No. If you find your nappies are still stained after washing, reduce the time in between washes and get as much poop off before you pop them in the bucket. Wash in TotsBots Potion at 60 and best of all, line dry – sunlight works wonders!
Should I strip wash my nappies?
In certain cases cloth nappies may suffer from detergent build up and it this will affect their performance, firstly by reducing the absorbency as the fibres can become coated with detergent residues. Synthetic fabrics like microfibre and fleece are more prone to this than cotton and bamboo. Secondly you may notice your nappies not smelling clean after washing (aka nappy stink). To fix for reduced absorbency (and to keep your nappies smelling fresh): Thoroughly rinse the nappies by doing a couple of full wash cycles without any detergent. Once rinsed, the nappies should be tumble dried until dry then tumble dried for a further 15 minutes. Don’t worry if you don’t have a tumble drier though; give the inside towelling a good rub to fluff up the pile. The fabric should look and feel fluffy and not flat.
Why do you recommend powder instead of liquid detergent?
We have found that liquid detergents are more prone to detergent build up and can therefore coat the nappies and reduce their absorbency.
How long do the flushable liners take to break up?

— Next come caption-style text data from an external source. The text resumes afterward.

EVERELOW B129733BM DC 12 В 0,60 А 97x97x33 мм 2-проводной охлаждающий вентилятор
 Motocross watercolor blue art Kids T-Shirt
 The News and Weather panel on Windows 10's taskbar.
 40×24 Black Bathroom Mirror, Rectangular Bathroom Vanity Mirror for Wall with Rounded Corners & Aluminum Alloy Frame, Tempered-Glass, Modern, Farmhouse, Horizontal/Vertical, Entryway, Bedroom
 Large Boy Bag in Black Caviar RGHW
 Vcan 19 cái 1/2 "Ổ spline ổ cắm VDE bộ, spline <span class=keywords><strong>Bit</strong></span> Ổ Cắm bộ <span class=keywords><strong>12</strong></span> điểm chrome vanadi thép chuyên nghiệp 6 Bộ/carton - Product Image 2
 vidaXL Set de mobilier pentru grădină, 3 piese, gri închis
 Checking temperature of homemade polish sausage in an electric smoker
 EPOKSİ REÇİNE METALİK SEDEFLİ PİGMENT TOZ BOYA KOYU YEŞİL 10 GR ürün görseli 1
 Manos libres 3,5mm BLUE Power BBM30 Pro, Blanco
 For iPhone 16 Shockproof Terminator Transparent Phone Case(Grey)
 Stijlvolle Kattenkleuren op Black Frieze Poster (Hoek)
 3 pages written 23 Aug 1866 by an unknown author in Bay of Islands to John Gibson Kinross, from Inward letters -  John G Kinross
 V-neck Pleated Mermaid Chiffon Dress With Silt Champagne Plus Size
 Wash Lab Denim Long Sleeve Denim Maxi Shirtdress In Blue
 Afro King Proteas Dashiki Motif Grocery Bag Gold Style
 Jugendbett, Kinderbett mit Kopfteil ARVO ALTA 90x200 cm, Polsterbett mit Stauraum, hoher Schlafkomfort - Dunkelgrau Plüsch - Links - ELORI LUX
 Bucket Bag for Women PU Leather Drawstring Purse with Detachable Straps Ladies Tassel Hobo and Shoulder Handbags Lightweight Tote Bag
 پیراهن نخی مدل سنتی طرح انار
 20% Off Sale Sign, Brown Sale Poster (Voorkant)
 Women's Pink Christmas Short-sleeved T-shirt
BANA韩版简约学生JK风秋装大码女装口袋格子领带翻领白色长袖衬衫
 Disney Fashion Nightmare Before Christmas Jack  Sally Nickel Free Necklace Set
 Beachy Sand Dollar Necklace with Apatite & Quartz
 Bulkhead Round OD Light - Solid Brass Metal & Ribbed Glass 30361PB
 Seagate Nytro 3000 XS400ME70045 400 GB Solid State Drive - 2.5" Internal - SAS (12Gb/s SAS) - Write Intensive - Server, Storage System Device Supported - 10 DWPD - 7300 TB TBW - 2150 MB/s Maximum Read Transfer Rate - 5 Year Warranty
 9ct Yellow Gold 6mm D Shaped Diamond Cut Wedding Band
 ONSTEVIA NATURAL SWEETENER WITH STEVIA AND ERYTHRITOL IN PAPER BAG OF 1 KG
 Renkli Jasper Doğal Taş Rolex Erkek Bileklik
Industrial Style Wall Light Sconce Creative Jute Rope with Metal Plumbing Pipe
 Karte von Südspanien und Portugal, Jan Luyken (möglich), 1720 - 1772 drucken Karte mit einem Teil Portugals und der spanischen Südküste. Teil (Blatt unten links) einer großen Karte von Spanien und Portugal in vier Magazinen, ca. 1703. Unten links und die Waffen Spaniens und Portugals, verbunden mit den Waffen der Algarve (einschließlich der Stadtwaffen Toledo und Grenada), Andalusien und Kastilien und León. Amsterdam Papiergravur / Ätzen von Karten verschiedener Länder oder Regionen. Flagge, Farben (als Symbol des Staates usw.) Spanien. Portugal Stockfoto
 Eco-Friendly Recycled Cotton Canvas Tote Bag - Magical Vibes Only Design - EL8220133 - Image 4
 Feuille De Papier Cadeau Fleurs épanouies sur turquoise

Our liners will degrade completely within 8 days in a typical sewage farm anaerobic digester, where the residence cycle is about 20 days. If, however you have old or damaged pipes and the liners get stuck on the way to the sewerage plant, we haven’t got test results for how quickly they would degrade. Therefore, we would advise to dispose any flushable liners in your compost/ bin if you have concerns about your pipes. Better still, use washable ones.